• [Material for this task]
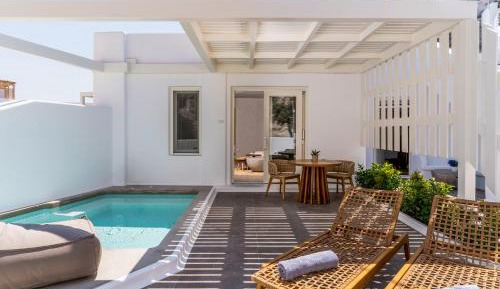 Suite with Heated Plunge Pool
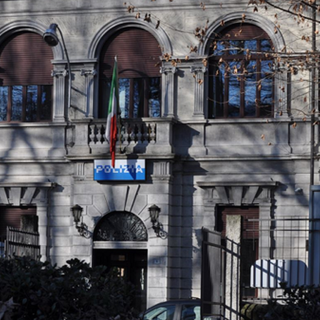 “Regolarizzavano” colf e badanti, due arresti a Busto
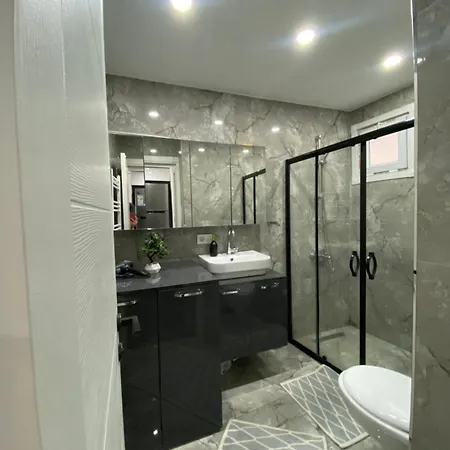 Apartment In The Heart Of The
* * *
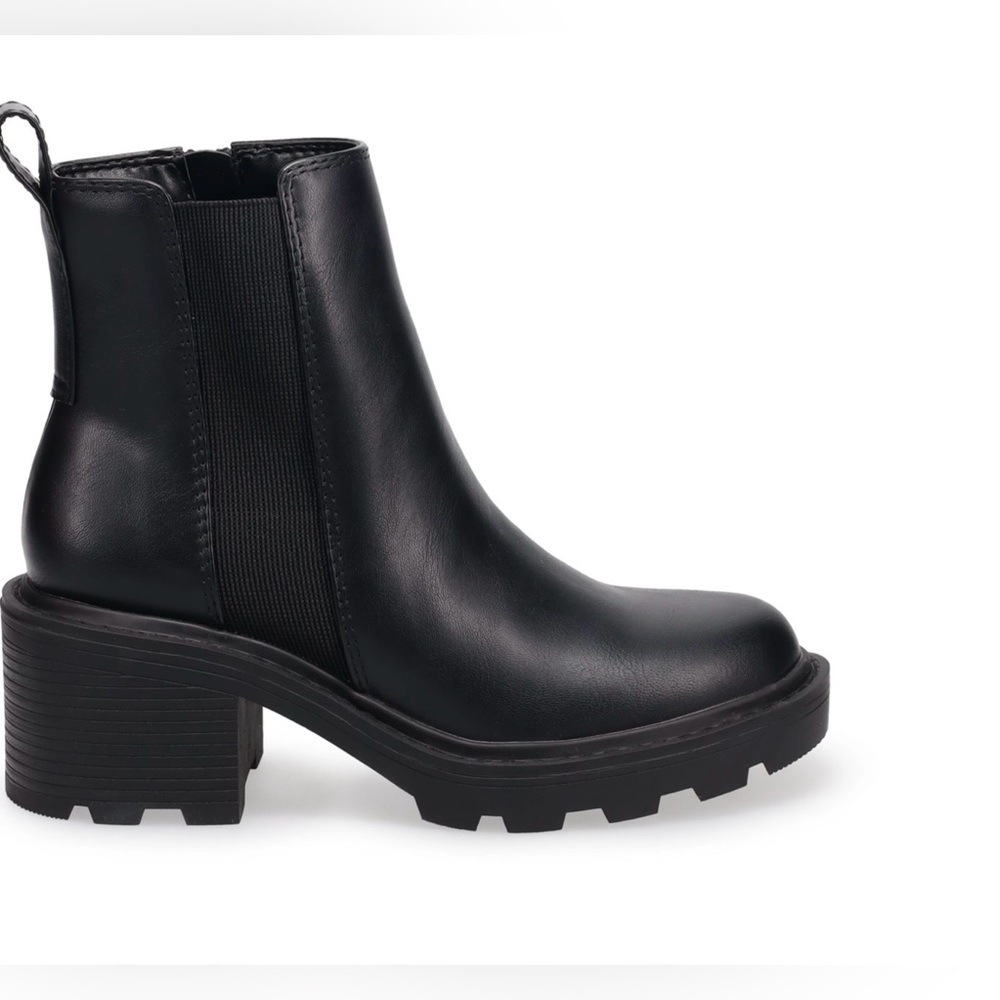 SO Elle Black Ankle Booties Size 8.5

• [The task] Look above for the line with "Suite with Heated Plunge Pool", then give again exactly every line from there through the line with "Apartment In The Heart Of The", skipping the pictures.

• [Result]
 Suite with Heated Plunge Pool
 “Regolarizzavano” colf e badanti, due arresti a Busto
 Apartment In The Heart Of The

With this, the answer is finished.